README.md

jaeger-fun -- getting a little monitoring going

Tiny demo project of a service doing OpenTelemetry tracing via Jaeger, with that fancy Service Performance Monitoring hacked in using two custom Prometheus metrics.

docker-compose up for the dependencies (jaeger and prometheus)
go run example-service.go for the tiny service
do some requests at http://localhost:3000
have a look at http://localhost:16686/monitor for the SPM stuff (select example-service)
- http://localhost:9090 is the prometheus server

How neat!

This is just an idea, but maybe worth playing around with for systems with lots of existing metrics that already have most of the required info?

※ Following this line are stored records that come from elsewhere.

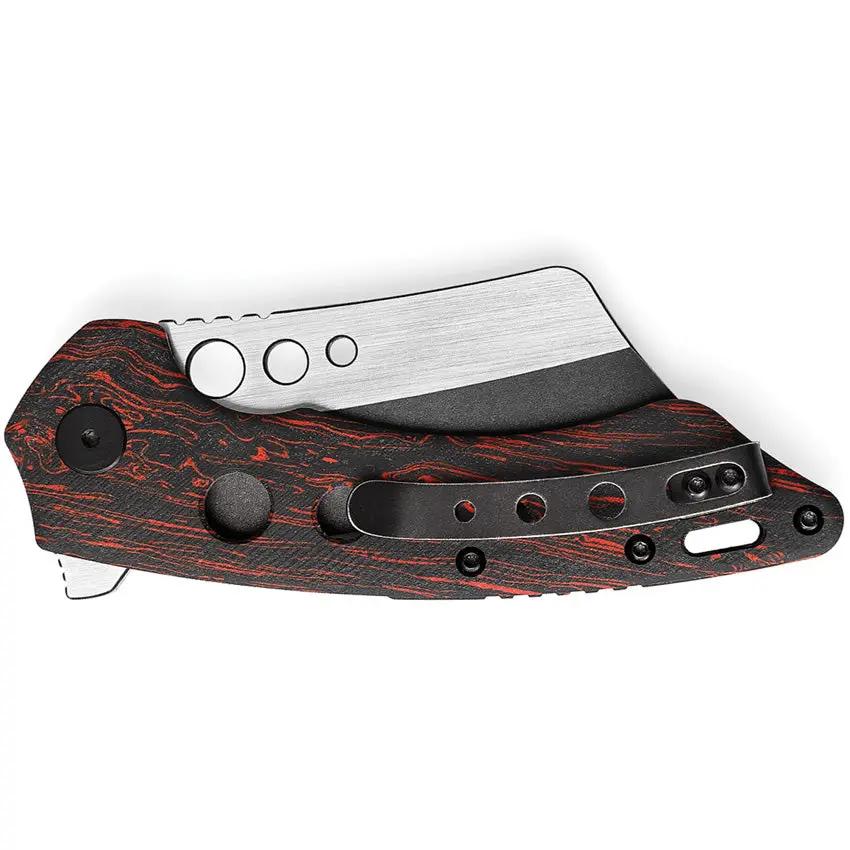 Trivisa Mensae Linerlock - 154CM Stainless Blade, Black Red G10 Handle, Extended Tang by TRIVISA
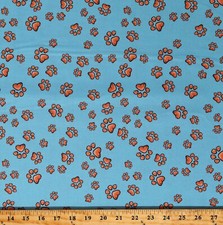 Cotton Pawprints Dogs Animals Fun Paws Turquoise Fabric Print by Yard D754.18
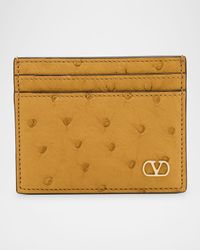 Men's Ostrich-Effect VLogo Card Holder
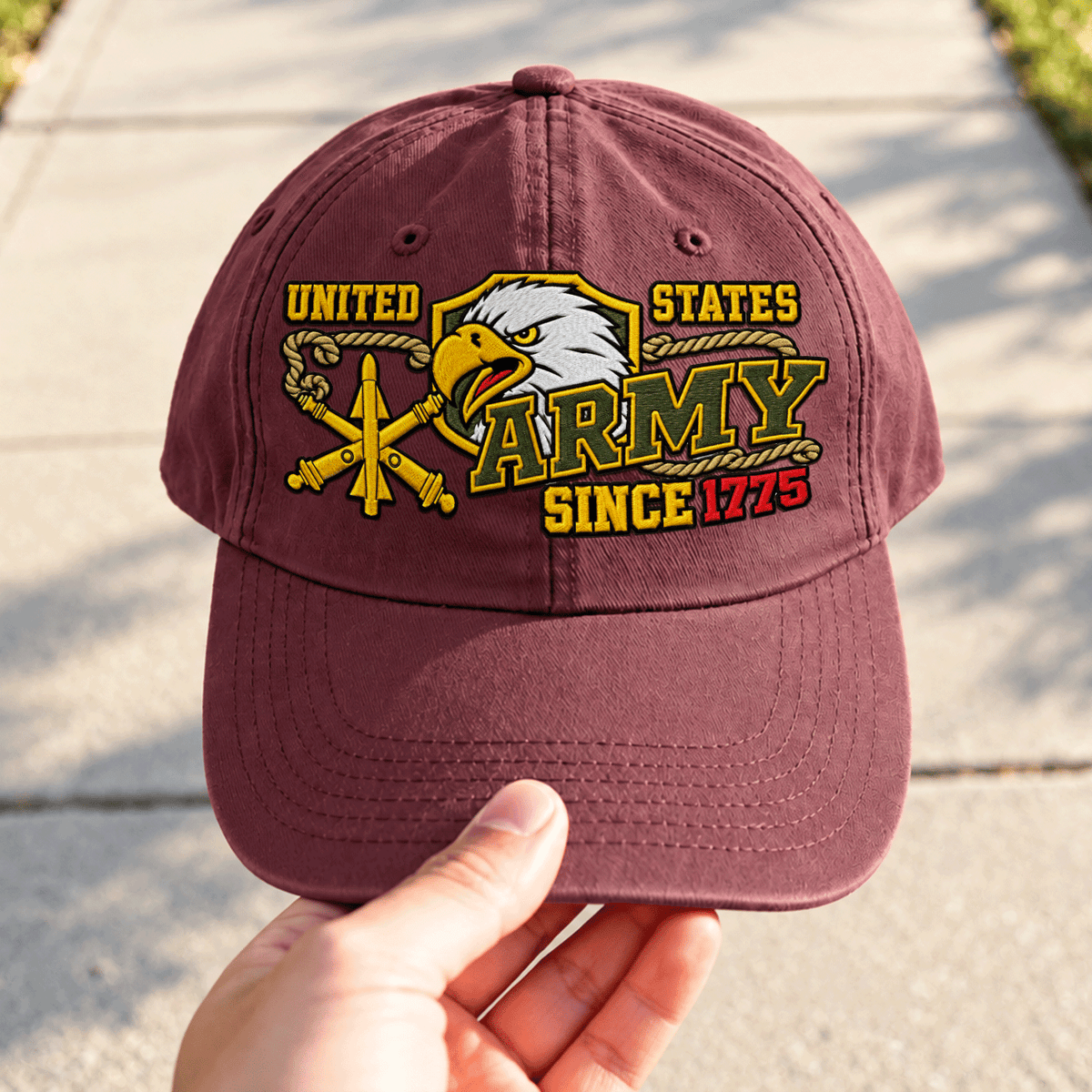 Personalized U.S. Army Washed Cap Custom Rank Text Gift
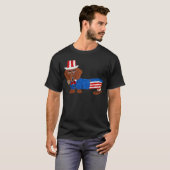 Dackel in Uncle Sam Anzug T-Shirt (Vorne ganz)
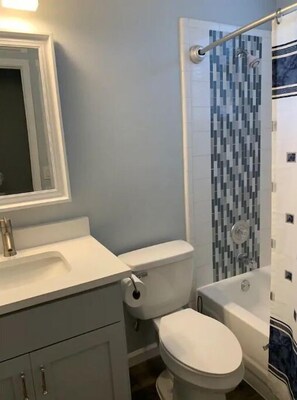 Combined shower/bathtub, hair dryer, towels, toilet paper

metrics only use range queries (source)
would need to "find" or map existing metrics
- different metric name
- different label names
- missing labels (span_kind, status_code)
  - generate based on defaults ("SPAN_KIND_SERVER") and http_status_code
- looks like we need an "on the fly" Prometheus proxy that rewrites queries as needed
there is https://pkg.go.dev/github.com/prometheus/prometheus/promql/parser, which may be exactly what is needed?
query example: curl 'http://localhost:9090/api/v1/query_range' --get --data-urlencode 'query=sum(rate(calls_total{service_name =~ "example-service", status_code = "STATUS_CODE_ERROR"}[5m])) by (service_name) / sum(rate(calls_total{service_name =~ "example-service"}[5m])) by (service_name)' --data-urlencode 'start=1677186016' --data-urlencode 'end=1677186500' --data-urlencode 'step=10s'
- would need rewriting of data.result.metric which contains labels (i.e. service_name because of the aggregation?)
- could decode using json.Decoder#Token
  - but need to output json ourselves
  - need to figure out how to find out that we are at metric
  - or just parse in-memory :)